Capital One deal aims to streamline data sharing for small business

The data deals are mounting as bankers seek alternatives to screen scraping.

Capital One Financial and Xero have announced a data-exchange agreement that is expected to simplify data sharing for small-business customers. Through the bank’s new application programming interface, small-business customers can feed their bank data into Xero’s cloud accounting technology.

Many bankers object to screen scraping as a security risk, so financial institutions have been forming fintech partnerships that employ other methods of data sharing. Silicon Valley Bank and City National Bank have similar deals with Xero. Wells Fargo has a data deal with Xero in addition to arrangements with Intuit and the data aggregator Finicity. JPMorgan Chase also has a data deal with Intuit.

Keri Gohman, president of Xero Americas and a former Capital One exec.
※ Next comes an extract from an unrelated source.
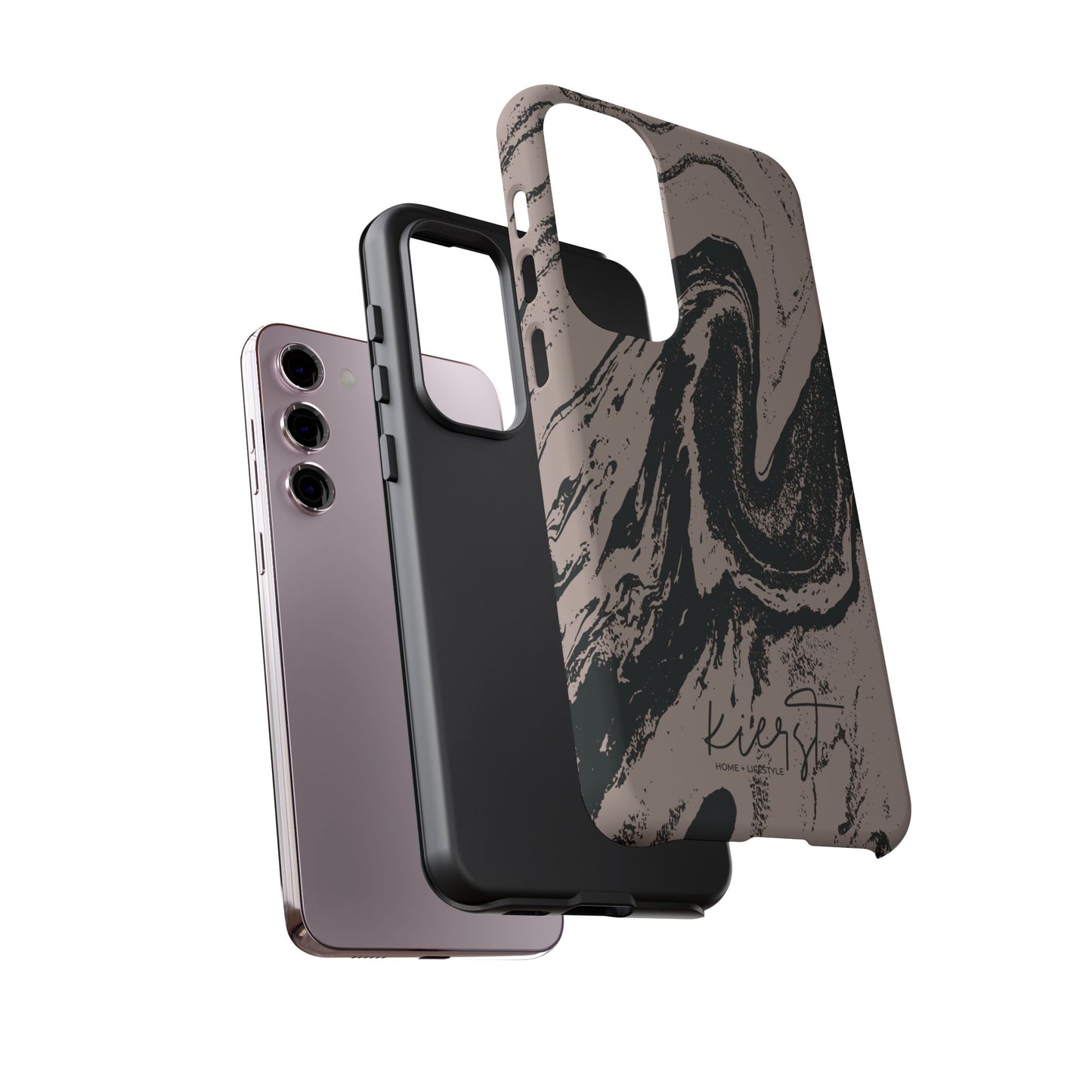 Taupe and Black Marble Samsung Galaxy Phone Case | Sleek, Durable Protection - Edgy, Modern Design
The partnerships are forming as the Consumer Financial Protection Bureau continues to study the myriad policy issues posed by data aggregation.

Capital One's API uses oAuth capabilities to provide Xero with tokenized authorization to access account data that customers request — without the requirement that customers directly provide Xero with their login credentials (as required in screen scraping).

“As technology brings new waves of financial tools into the market, we believe that it’s important for all consumers and small businesses to have the ability to safely, securely and transparently share their transaction data with third parties that they trust,” Becky Heironimus, vice president of enterprise digital products and data connections at Capital One, said in a news release.

The Americas president of Xero, Keri Gohman, is a former executive vice president and general manager of Capital One’s small-business banking division.

"The growth of the financial Web, where a network of organizations connect and share financial data in order to drive their business, is transforming the way the economy operates," Gohman said in the release.

This is Capital One's third such partnership this year. In February it signed with Expensify, a platform that imports credit card transaction data directly to expense reports, as a service to small businesses and consumers. Last month it struck a similar data-sharing partnership with the expense reporting software firm Abacus.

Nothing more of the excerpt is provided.